Rolls Royce is keen explore opportunities for partnering the Navy with end-to-end solutions for electrification of India’s future warships, said the company.
Rolls Royce’s India President Kishore Jayaraman said the company was committed to support India’s defence modernization and self-reliance programme.
“The Carrier Strike Group tour is a significant opportunity for Rolls-Royce to showcase the results of decades of innovation in naval power and propulsion,” Jayaraman said in a statement.
Rolls Royce top executive in India and South Asia said the company’s experience in supporting the electrification of the Royal Navy’s warships was of particular significance, including the design and deployment of the world’s first hybrid-electric naval system.
“We believe that we can bring great learnings and value to any future programme envisioned by the Indian Navy for developing electric warships,” he added.
Rolls-Royce is the only manufacturer in the world that has provided navalised marine gas turbine generators into front-line integrated full electric propulsion (IFEP) powered destroyers and aircraft carriers.

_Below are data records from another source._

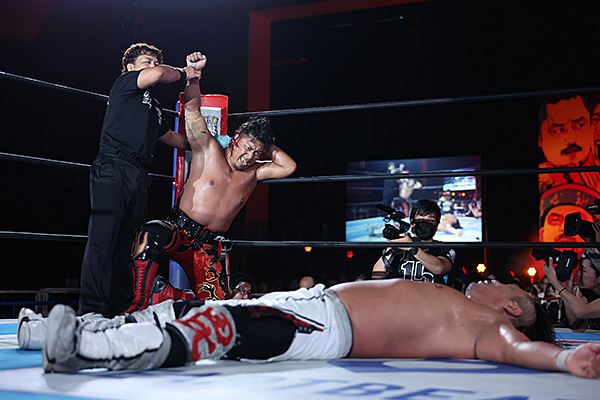 njpw1972's tweet photo. 辻がIceと26分超えの死闘の末に壮絶KO勝利！
 
 鷹木が後藤との灼熱のベテラン対決を制す！
 
 故郷に錦を飾ったTAKESHITAは単独首位をキープ！
 
 ※7.29『G1 CLIMAX 36』吹田大会
 新日本プロレスのスマホサイトで詳報中！
 
 https://t.co/U4yV0JHSeZ
 
#G1CLIMAX36 https://t.co/kPdgU8RO97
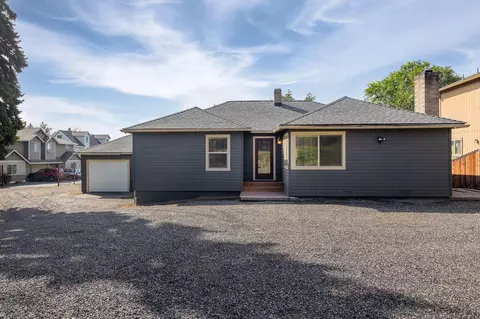 1647 NE Lotus Dr, Bend, OR 97701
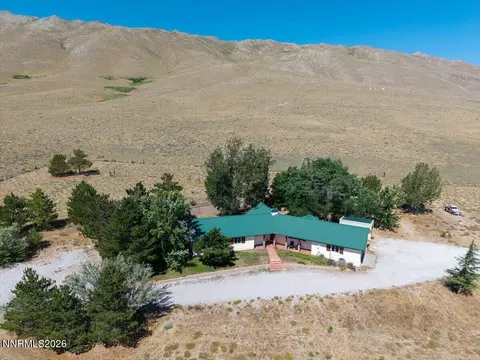 905 Thoroughbred Cir, Reno, NV 89508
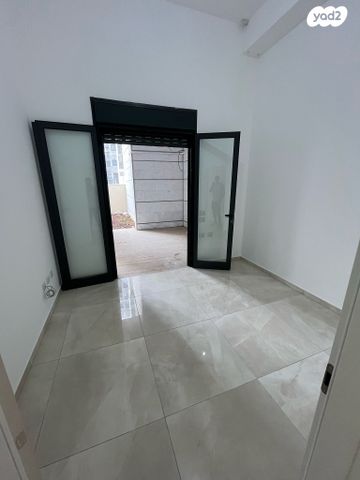 דירת גן, יצחק שמיר 1, נתיבות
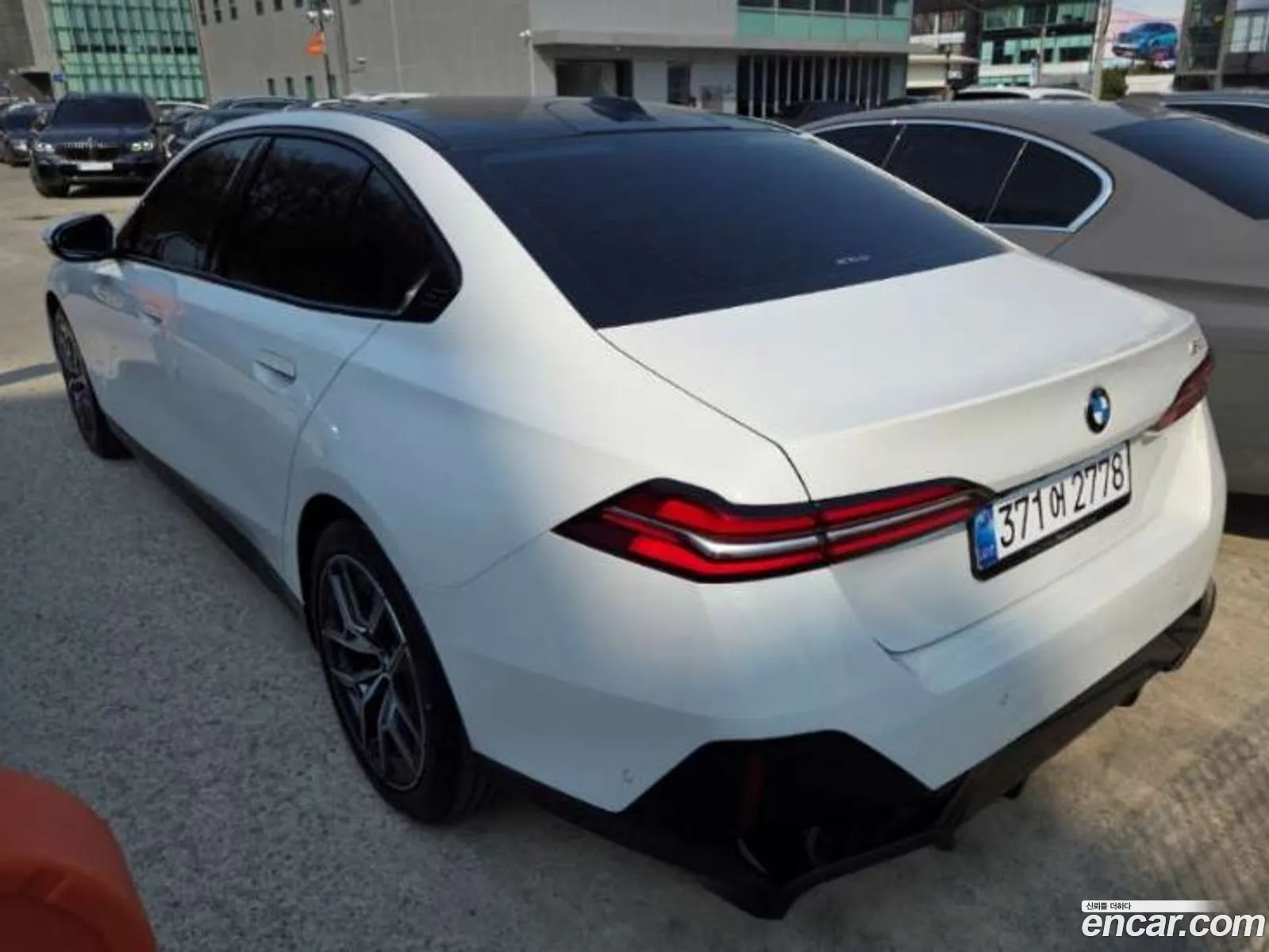 BMW 5 Series 2026 — 13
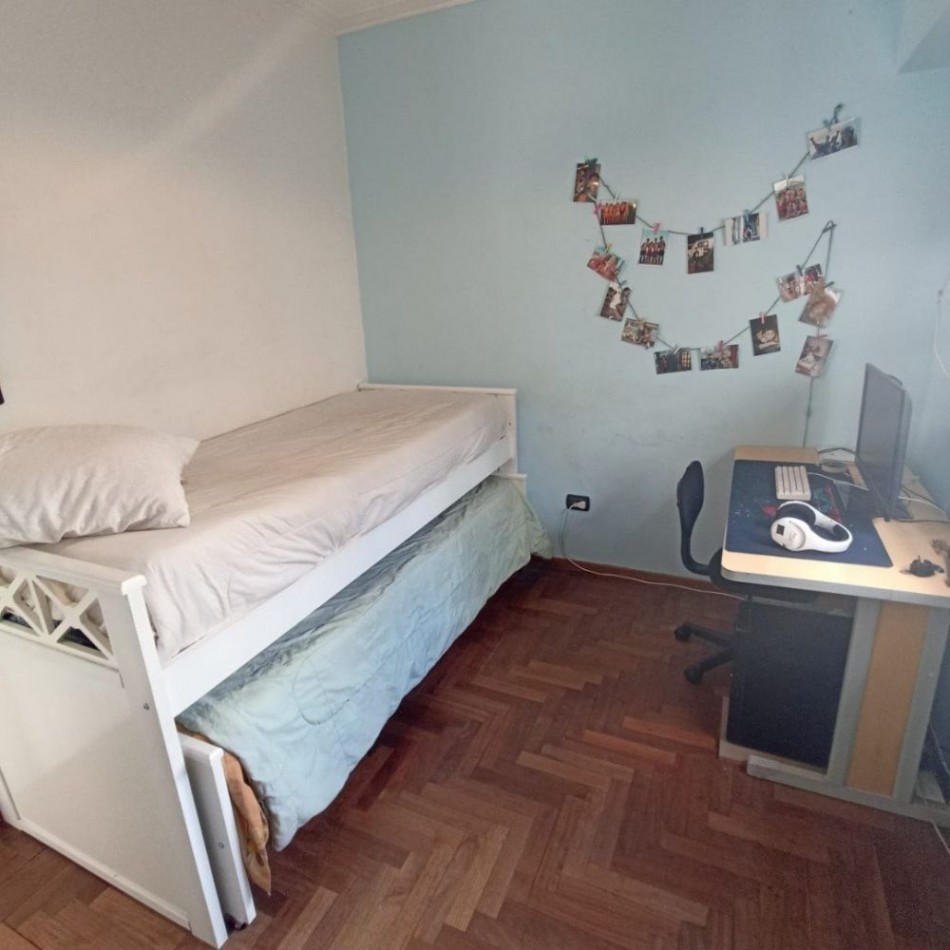 Chalet tres ambientes con garage. Reciclada. Colinas de Peralta Ramos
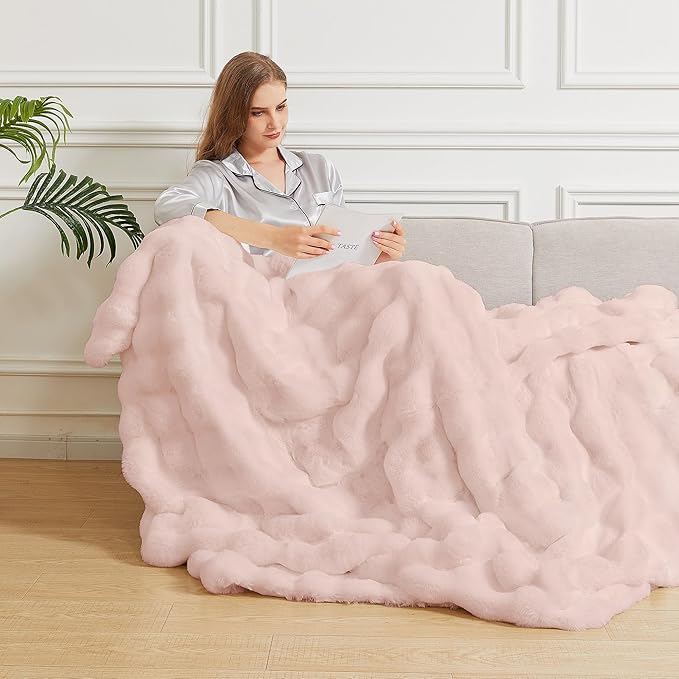 Pink Fluffy Double Sided Blanket for Couch Living Room Faux Fur 50x60 Fuzzy Throw No Shed Blanket for Bed Soft Furry Bed Cozy Comforter Home Decor Gifts 860 GSM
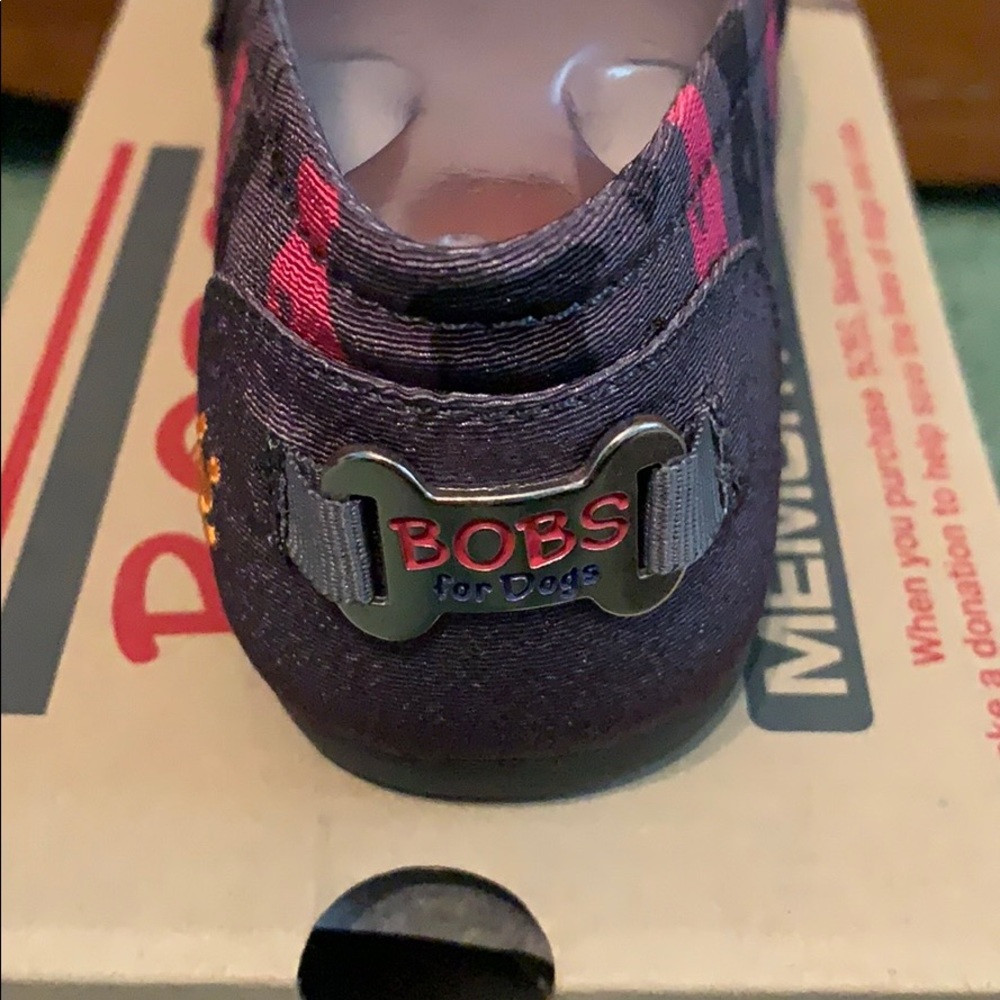 Bobs from Skechers dog print slip-ons - Picture 3 of 5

Being a key member of the Power and Propulsion Sub-Alliance, Rolls-Royce was responsible for the design, procurement, manufacture, integration, test and delivery of the Queen Elizabeth Carrier ships’ power and propulsion system, which includes the mighty MT30 marine gas turbine and a low voltage electrical distribution system.
Abhishek Singh, Senior Vice President – Defence, India and South East Asia, Rolls-Royce said the Royal Navy ship HMS Queen Elizabeth, which is on India tour, was one of the finest examples of technological excellence in naval warfare.
“We are looking forward to familiarising our Indian customers with Rolls-Royce’s capabilities aboard this majestic warship and to explore areas for collaboration to further strengthen the might and range of the Indian Navy,” Abhishek Singh said.
Richard Partridge, Chief of Naval Systems, Rolls-Royce said the company was well-positioned to partner India for the modernisation of its naval fleet with the right mix of products, experience and capabilities to design, build, deliver and support customised naval systems and solutions.
“Our technologically superior offerings and expertise provide the ideal solutions for developing integrated hybrid-electric and full-electric propulsion for naval vessels, including the integration of the MT30 that brings the most power dense gas turbine to these next generation warships,” Richard Partridge added.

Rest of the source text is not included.